If Philip Roth or some other august man of letters had written some of these female characters I would have screamed at the book in rage. With little exception, the women in The Philosopher’s Pupil fall in love with the most dreadful men and they rarely have any qualms with that. They know the men are dreadful, sometimes violently so, but their love for them is so total and deep they can’t imagine being without the insufferable oafs. (Or would that be oaves? lol) What in the world was Murdoch trying to convey? Her women are not dingbats by any means, but still, I didn’t get the feeling that she was judging the men at all. Their bad behavior was just depicted as part of the landscape. Just the way it was. But goodness, this isn’t ancient history, it was published in 1983.

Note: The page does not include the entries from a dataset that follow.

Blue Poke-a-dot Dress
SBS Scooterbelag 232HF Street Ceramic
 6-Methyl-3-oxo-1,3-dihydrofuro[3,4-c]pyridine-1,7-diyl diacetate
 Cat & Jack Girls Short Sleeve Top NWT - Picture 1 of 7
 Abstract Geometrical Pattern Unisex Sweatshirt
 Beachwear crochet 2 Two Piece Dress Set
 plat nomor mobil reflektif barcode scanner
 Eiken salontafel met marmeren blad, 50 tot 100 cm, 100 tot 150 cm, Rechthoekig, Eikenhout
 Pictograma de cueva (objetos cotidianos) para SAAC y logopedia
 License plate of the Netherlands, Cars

I have torched novels for lesser failings than this one has, so why do I love it? Because despite some characters and situations that make one think “oh brother”, the world Murdoch depicts is fascinating, her prose is a delight, and it’s so full of big ideas. In fact, one could also have a problem with the lengthy passages on philosophy, but if you are in the mood for that kind of thing, it is just the kind of thing you will like.
The Philosopher’s Pupil has reignited my love for Murdoch. So happy there are more to read and re-read. Alas, I should mention that I supposedly read this book in 2005, but at no point while reading it recently did I for one minute think I might have read it. I don’t know how I could blank so entirely on this book. I guess I’m glad I did because I wouldn’t have re-read it so soon otherwise.